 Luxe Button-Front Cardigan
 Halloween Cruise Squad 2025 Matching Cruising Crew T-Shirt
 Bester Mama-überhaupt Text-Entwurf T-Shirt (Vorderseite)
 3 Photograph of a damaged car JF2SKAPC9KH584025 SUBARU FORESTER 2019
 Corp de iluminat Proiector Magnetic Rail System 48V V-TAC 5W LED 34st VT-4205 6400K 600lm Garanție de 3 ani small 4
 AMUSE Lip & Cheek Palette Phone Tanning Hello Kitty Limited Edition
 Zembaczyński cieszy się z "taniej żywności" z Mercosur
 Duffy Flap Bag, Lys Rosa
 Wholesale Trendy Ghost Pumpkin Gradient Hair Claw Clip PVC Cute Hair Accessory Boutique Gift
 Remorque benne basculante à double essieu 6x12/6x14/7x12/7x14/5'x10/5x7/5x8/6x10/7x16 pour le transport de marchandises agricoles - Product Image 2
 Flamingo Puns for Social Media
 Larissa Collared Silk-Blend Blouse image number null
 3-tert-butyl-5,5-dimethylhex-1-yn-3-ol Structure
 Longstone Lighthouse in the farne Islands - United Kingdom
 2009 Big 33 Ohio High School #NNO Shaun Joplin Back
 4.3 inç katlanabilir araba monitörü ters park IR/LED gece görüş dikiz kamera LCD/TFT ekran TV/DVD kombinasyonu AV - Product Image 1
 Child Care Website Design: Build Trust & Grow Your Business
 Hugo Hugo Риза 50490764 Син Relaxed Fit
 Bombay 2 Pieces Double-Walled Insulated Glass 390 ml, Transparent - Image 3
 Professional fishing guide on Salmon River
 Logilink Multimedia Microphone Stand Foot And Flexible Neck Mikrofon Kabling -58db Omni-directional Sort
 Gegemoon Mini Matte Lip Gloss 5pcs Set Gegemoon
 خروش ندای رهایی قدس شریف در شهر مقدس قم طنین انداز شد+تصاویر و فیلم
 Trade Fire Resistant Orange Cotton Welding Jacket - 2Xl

# # #

Starting at the line that contains "Logilink Multimedia Microphone", copy each line through the last line of the listing, and copy nothing else.

▶ [Problem solution]:
 Logilink Multimedia Microphone Stand Foot And Flexible Neck Mikrofon Kabling -58db Omni-directional Sort
 Gegemoon Mini Matte Lip Gloss 5pcs Set Gegemoon
 خروش ندای رهایی قدس شریف در شهر مقدس قم طنین انداز شد+تصاویر و فیلم
 Trade Fire Resistant Orange Cotton Welding Jacket - 2Xl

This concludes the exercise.